Baselitz verlässt Bayerische Akademie:"Widerlich"

Protest gegen Protest, Skandal auf Skandal: Der Maler und Bildhauer tritt aus, weil Literaten Akademiepräsident Nerdinger kritisierten. Das elitäre Haus steht blamiert da. Man muss wohl sagen: Wieder einmal.

Von Sabine Reithmaier

Die Bayerische Akademie der Schönen Künste hat schon wieder ein Mitglied verloren: Nach den Austritten von sechs Schriftstellern am vergangenen Mittwoch hat nun Georg Baselitz seinen Rückzug erklärt. Allerdings nennt der Maler und Bildhauer einen anderen Grund als die Literaten für seine Entscheidung: Er findet das Verhalten der 20 Unterzeichner des Protestbriefs gegen Akademiepräsident Winfried Nerdinger "widerlich und möchte nicht weiterhin unter einem Dach mit diesen Höflingen sitzen".

Auslöser des Streits in der Akademie war ein in der SZ erschienenes Interview mit Nerdinger. Darin hatte er von einer gesellschaftlichen Geringschätzung der Kunst durch die Corona-Politik gesprochen. Das sieht auch Baselitz so oder so ähnlich. Die Bundesregierung habe per Diktat die wesentlichen Rechte der Künste annulliert, schreibt er in seinem Austrittsbrief. Dagegen habe Nerdinger in dem Interview protestiert. "Daraufhin ist er von 20 Mitgliedern denunziert worden."

So interpretiert Baselitz das Manifest, das die erwähnten 20 in der FAZ als Reaktion auf das Interview veröffentlicht hatten. Darin warfen sie Nerdinger "Dünkel" und eine "diffamierende Rhetorik" vor und forderten, dass Themen, zu denen er sich öffentlich äußern wolle, zuvor von ihm in der Akademie zur Debatte gestellt werden sollen. Dies lehnte Nerdinger der SZ gegenüber ab. In der Folge gab es innerhalb der Akademie eine Reihe an Briefen von Nerdinger-Unterstützern, die dessen Gegnern Illoyalität und mangelnde Solidarität vorwarfen. Briefe einzelner Manifest-Unterzeichner erreichten dagegen nicht alle Mitglieder.

Proteste wurden mit "Lügen, Rügen, Machtworten, Beschimpfungen und Verleumdung" beantwortet

Am 27. Mai entschied sich das Direktorium, offene Briefe nicht mehr weiterzuleiten. Doch schon am Tag zuvor hatten die sechs Autoren, allesamt Unterzeichner des Statements, ihre Mitgliedschaft aufgekündigt, da sie es ablehnten, ohne vorheriges Gespräch mit welchen Ansichten auch immer in Verbindung gebracht zu werden.

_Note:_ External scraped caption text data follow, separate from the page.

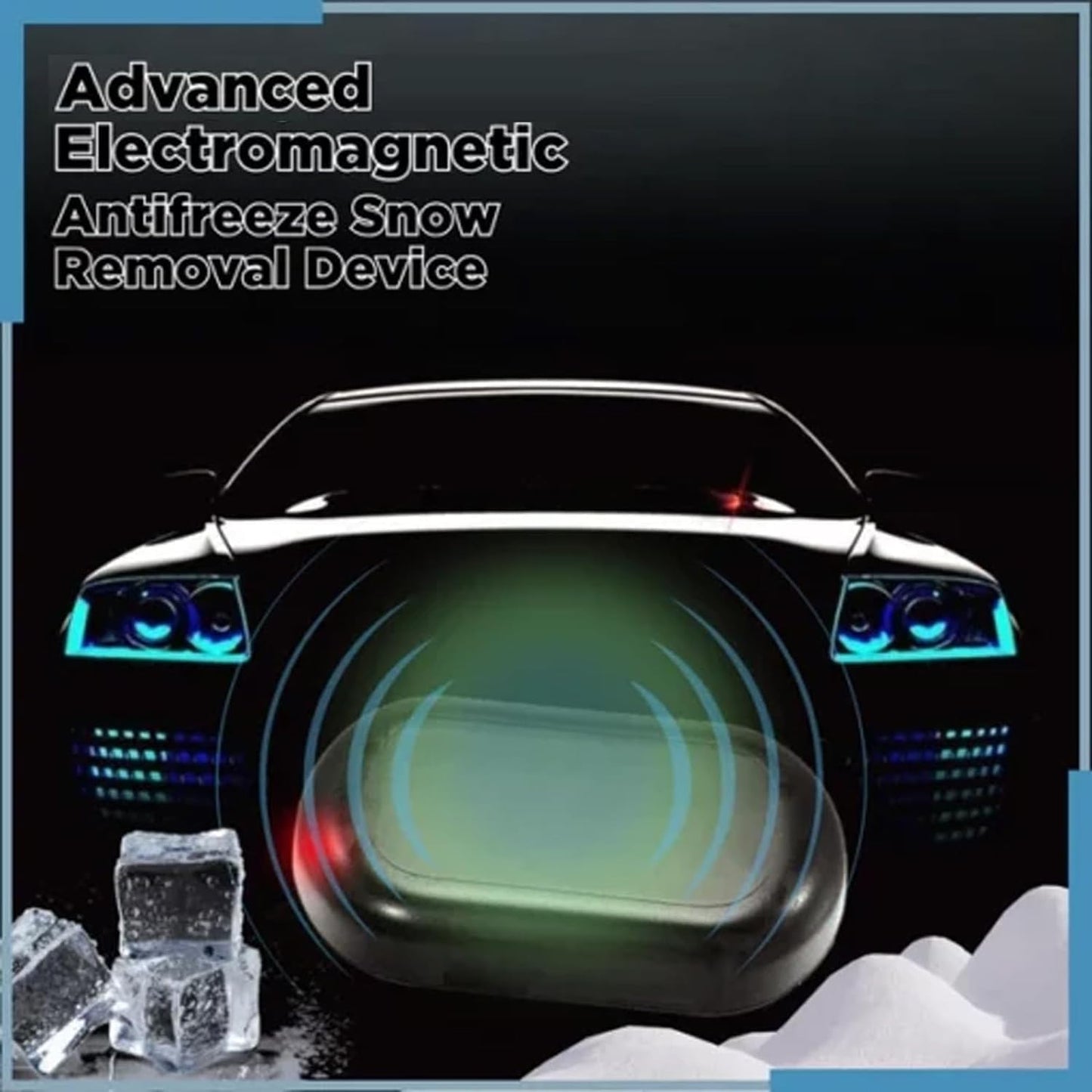 Electromagnetic Defroster | Solar-powered | Automatic Ice & Snow Removal | Frostex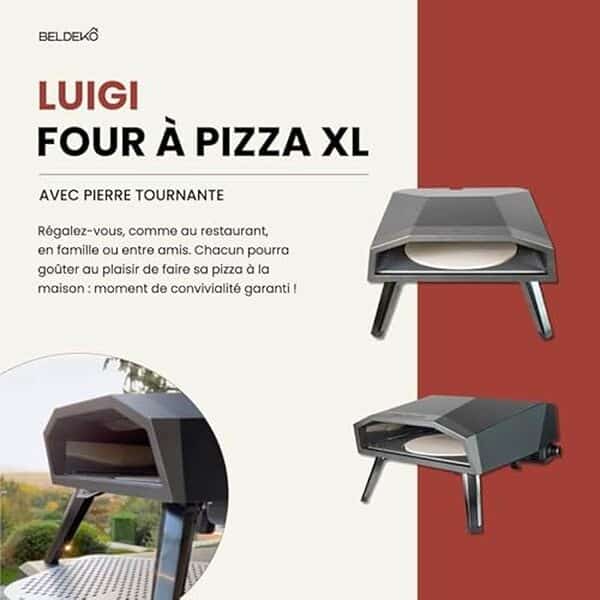 Découvrez notre évaluation complète du four à pizza gaz BELDEKO LUIGI XL : puissance, rapidité de cuisson et qualité professionnelle pour des pizzas parfaites chez vous.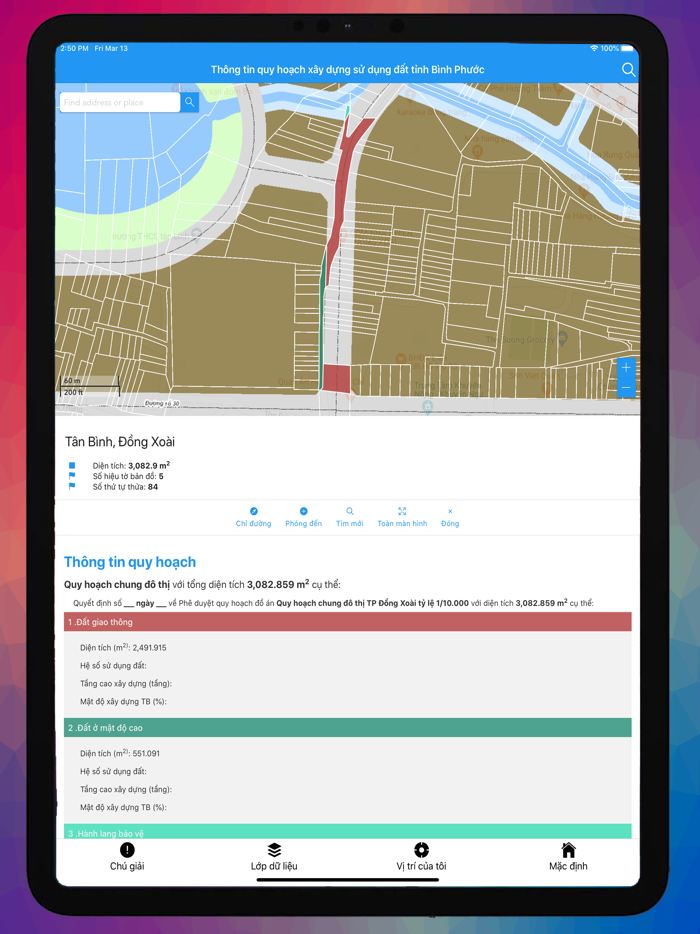 Quy hoạch xây dựng Bình Phước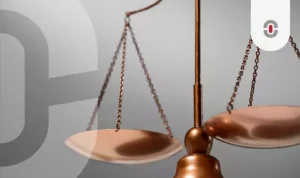 A close-up of traditional brass balance scales, representing the ethical need to weigh efficiency against accuracy and cultural sensitivity when using AI in translation.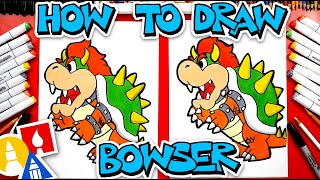 How To Draw Bowser [upl. by Okimuy]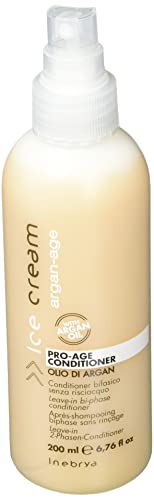 Argan Yağı ile Inebrya Ice Cream Pro-Age Saç Kremi 200 ml 6.76 oz
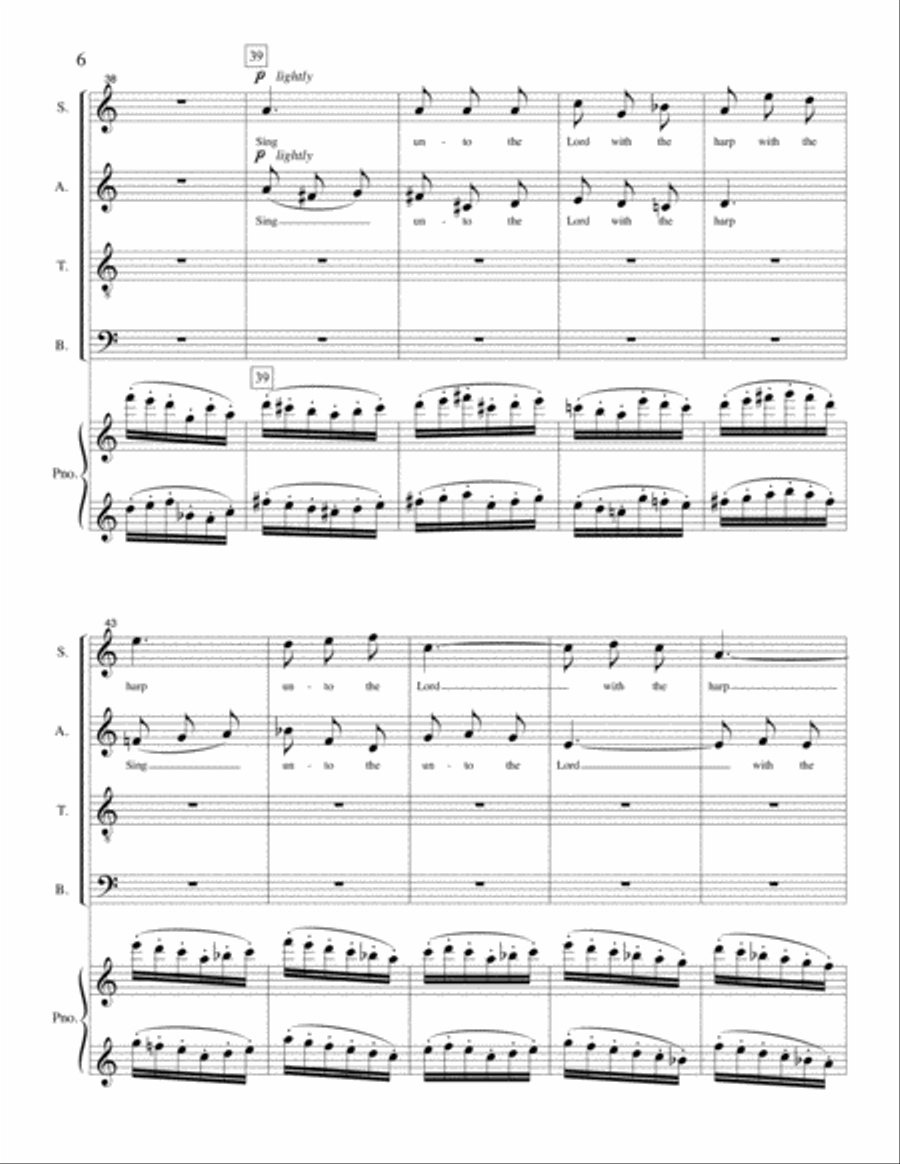 O Sing Unto The Lord image number null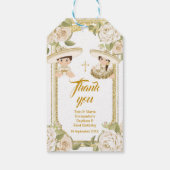 Boho Cactus Pink Blume Vielen Dank Tag Geschenkanhänger (Rückseite)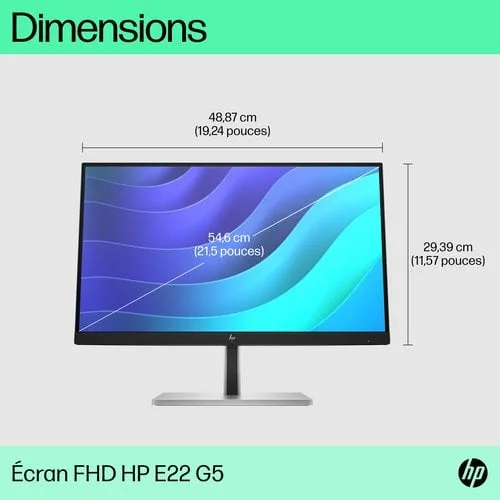 HP E-Series E22 G5 — vue 8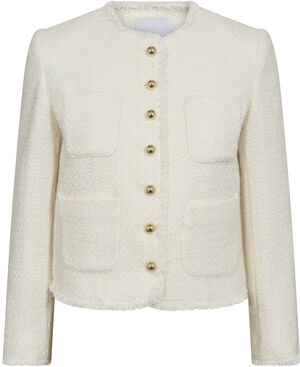 Tweed jacket with jewel buttons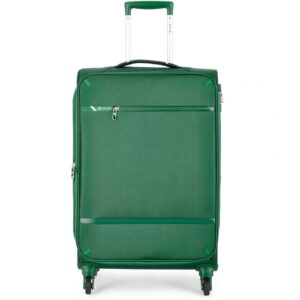 CARLTON-AMBERL70GN-Amberlite-70CM-4-Wheel-Soft-Trolley-Green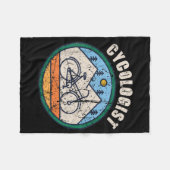 Cycoloog Funny Bicycle Cycling  Gift Fleece Deken (Voorkant (Horizontaal))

"Krisen ermöglichen eben auch einen Blick auf sonst eher verdeckte Strukturen und Hierarchien", hatte Nerdinger im Interview gesagt. Das trifft offensichtlich auch auf die eigene Institution zu. Die Schriftstellerin Petra Morsbach, die den Brief nicht unterzeichnet hat - "er war mir nicht vorgelegt worden, und ich hätte ihn auch nicht unterschrieben" -, hat sich in ihrem Essay "Elefant im Zimmer" mit Machtmissbrauchsfällen auseinandergesetzt. Einer davon spielt in der Akademie. Verwerfungen in der Literaturabteilung gebe es seit zehn Jahren, sagt sie. Am Anfang stand ein Dichterlesungsverbot. "Proteste der Mitglieder wurden mit Lügen, Rügen, Machtworten, Beschimpfungen und Verleumdung beantwortet", erinnert sie sich auf die Frage nach möglichen Hintergründen des Konflikts. Jener Angriff auf die Kunstfreiheit sei nie aufgearbeitet worden und habe in der Literaturklasse ein autoritäres, unfruchtbares Klima hinterlassen.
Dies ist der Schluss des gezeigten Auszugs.